Hide Forgot
Created attachment 526044 [details] lspci -vvv Hi, Since I upgraded to kernel-xen 2.6.18-274 and 2.6.18-274.3.1 I experience hard system resets on this server. This is Dell PowerEdge 1950 running 5.7 up2date and and is running XEN with 5 VMs. Logs do not show anything. No hung, no reboot. It's like a reset every 1 or two days without any reason. No special load on the host or the vms.

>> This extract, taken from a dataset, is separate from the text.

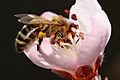 Bee pollinating peach flower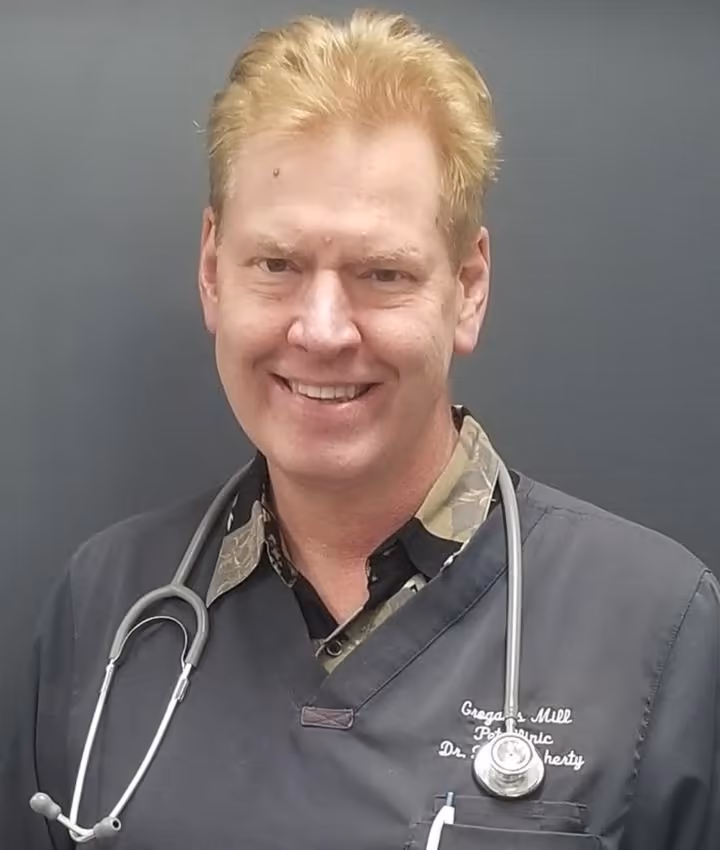 staff profile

With previous kernel 2.6.18-238.19.1 I don't have this kind of problem. # last | grep reboot reboot system boot 2.6.18-274.3.1.e Mon Oct 3 12:26 (02:10) reboot system boot 2.6.18-274.3.1.e Sat Oct 1 22:49 (1+15:47) reboot system boot 2.6.18-274.3.1.e Sat Oct 1 19:47 (1+18:49) reboot system boot 2.6.18-274.3.1.e Sat Oct 1 15:30 (1+23:06) reboot system boot 2.6.18-274.3.1.e Sat Oct 1 01:30 (2+13:07) reboot system boot 2.6.18-274.3.1.e Fri Sep 30 19:48 (2+18:48) ... reboot system boot 2.6.18-274.el5xe Mon Sep 26 12:45 (00:13) reboot system boot 2.6.18-274.el5xe Sun Sep 25 19:58 (17:00) reboot system boot 2.6.18-274.el5xe Sun Sep 25 15:40 (21:17) reboot system boot 2.6.18-274.el5xe Sat Sep 24 14:33 (1+22:25) ... reboot system boot 2.6.18-238.19.1. Sun Aug 21 15:20 (24+00:24) reboot system boot 2.6.18-238.12.1. Wed Jul 20 14:20 (32+00:57) Any help on debugging this? System's hardware seems ok at least from Dell management software. best regards, Giannis
Try running the latest kernel (-286) on it to see if it still happens. Also set it up with crashdump to get a core next time it fails (see the instructions below how to do that). You can also poke through your /var/log/messages now to see if there's any clues. Look for similar logs that popped up at or before the reboots. You can set up the host to capture a dump as follows 1) set crashkernel=128M@32M on the xen.gz line (256M instead of 128M may be necessary) 2) Make sure kexec-tools is installed 3) Make sure the bare-metal kernel is installed (it will kexec into the bare-metal kernel) 4) 'service kdump start' and/or turn it on for runlevels needed You can test that it works by triggering the crash in some way, such as "echo c > /proc/sysrq-trigger" or by using ctrl-a ctrl-a ctrl-a on the console for Xen's debug prompt, then the 'C' command to generate the dump The dump will be in /var/crash/<date>/vmcore (check that there's enough disk space for it before)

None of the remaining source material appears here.